Reputation: 95
my frame looks like this
4 8
6 9
1 2
5 7
10 14
3 9
in which the first col ist the start and the other col the end of a measure. I now want to return the indices of those rows which partly overlap a specific row. Example would row 1. The indices would be 2,4,6 - as these partly overlap. I need to make this comparison very frequently so an efficient solution would be great
note that i am looking not only for partly overlap but also complete overlap (3 9) ..
Upvotes: 1
Views: 669
Reputation: 92300
Here's a possible solution using foverlaps()

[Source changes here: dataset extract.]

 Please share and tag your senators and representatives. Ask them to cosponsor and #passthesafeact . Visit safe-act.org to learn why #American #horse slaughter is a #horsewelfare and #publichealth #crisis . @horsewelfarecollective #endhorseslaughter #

function from the data.table
package.
Set column names and pick the row index:
library(data.table)
cols <- c("start", "end")
indx <- 1L
Convert your data to a data.table
object, set the column names and separate the specific row from the rest of the data and key it (this is an essential step - check ?foverlaps
for more).
setnames(setDT(df), cols)
temp <- setkeyv(df[indx], cols)
Run the foverlaps
function. You can choose which type of overlap you want in the type
parameter
foverlaps(df[-indx], temp, which=TRUE,
type="any", nomatch=0L)$xid + 1
## [1] 2 4 6
Upvotes: 2
Reputation: 13122
You could use "IRanges" package:
library(IRanges)
findOverlaps(IRanges(DF$V1, DF$V2), IRanges(DF$V1[1], DF$V2[1]))@queryHits
#[1] 1 2 4 6
Or generate all overlaps at once and subset later:
overls = findOverlaps(IRanges(DF$V1, DF$V2), ignoreSelf = TRUE)
split(subjectHits(overls), queryHits(overls))
subjectHits(overls)[queryHits(overls) == 1]
#[1] 2 4 6
"DF":
DF = structure(list(V1 = c(4L, 6L, 1L, 5L, 10L, 3L), V2 = c(8L, 9L,
2L, 7L, 14L, 9L)), .Names = c("V1", "V2"), class = "data.frame", row.names = c(NA,
-6L))
Upvotes: 2